-- Opening Marker --
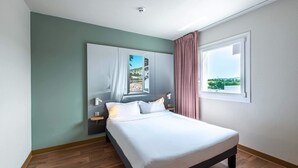 A bedroom with a bed, a nightstand, a window with curtains, and a painting on the wall.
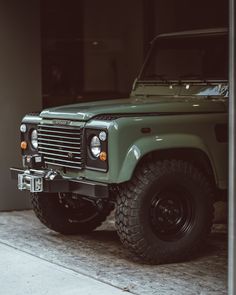 a green land rover parked in front of a building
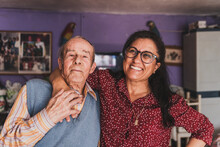 Portrait Of A Middle-aged Daughter And Her Elderly Father Embracing.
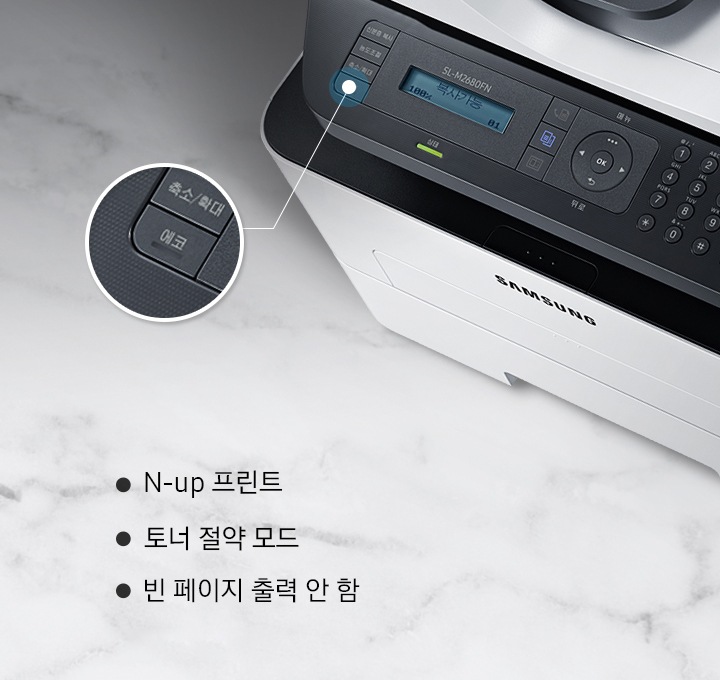 하얀 대리석 바닥에 이미지 오른쪽 위 부분에는 위에서 내려본 제품 이미지가 있고 제품 이미지에서 ECO 부분은 제품 이미지 왼쪽에 확대하여 보여주고 있습니다. 이미지 왼쪽 하단에는 N-up 프린트, 토너 절약 모드, 빈 페이지 출력 안 함 텍스트가 위에서 아래로 나열하여 있습니다.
-- Closing Marker --
=== What you need to do ===
When you repeat the material above, keep every word exact and leave out the pictures.

=== Expected answer ===
 A bedroom with a bed, a nightstand, a window with curtains, and a painting on the wall.
 a green land rover parked in front of a building
 Portrait Of A Middle-aged Daughter And Her Elderly Father Embracing.
 하얀 대리석 바닥에 이미지 오른쪽 위 부분에는 위에서 내려본 제품 이미지가 있고 제품 이미지에서 ECO 부분은 제품 이미지 왼쪽에 확대하여 보여주고 있습니다. 이미지 왼쪽 하단에는 N-up 프린트, 토너 절약 모드, 빈 페이지 출력 안 함 텍스트가 위에서 아래로 나열하여 있습니다.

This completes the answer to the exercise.